┌─ SUPPLIED ENTRIES

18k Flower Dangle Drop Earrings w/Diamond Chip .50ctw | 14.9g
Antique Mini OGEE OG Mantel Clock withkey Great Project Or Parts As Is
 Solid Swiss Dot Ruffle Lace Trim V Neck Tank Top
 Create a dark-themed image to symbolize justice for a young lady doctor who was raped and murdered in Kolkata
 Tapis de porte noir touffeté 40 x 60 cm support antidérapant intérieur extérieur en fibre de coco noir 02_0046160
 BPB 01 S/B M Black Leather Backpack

└─

→ ASSIGNMENT
Reproduce the entries above in full, so that each one reads exactly as before.

→ YOUR RESPONSE
18k Flower Dangle Drop Earrings w/Diamond Chip .50ctw | 14.9g
Antique Mini OGEE OG Mantel Clock withkey Great Project Or Parts As Is
 Solid Swiss Dot Ruffle Lace Trim V Neck Tank Top
 Create a dark-themed image to symbolize justice for a young lady doctor who was raped and murdered in Kolkata
 Tapis de porte noir touffeté 40 x 60 cm support antidérapant intérieur extérieur en fibre de coco noir 02_0046160
 BPB 01 S/B M Black Leather Backpack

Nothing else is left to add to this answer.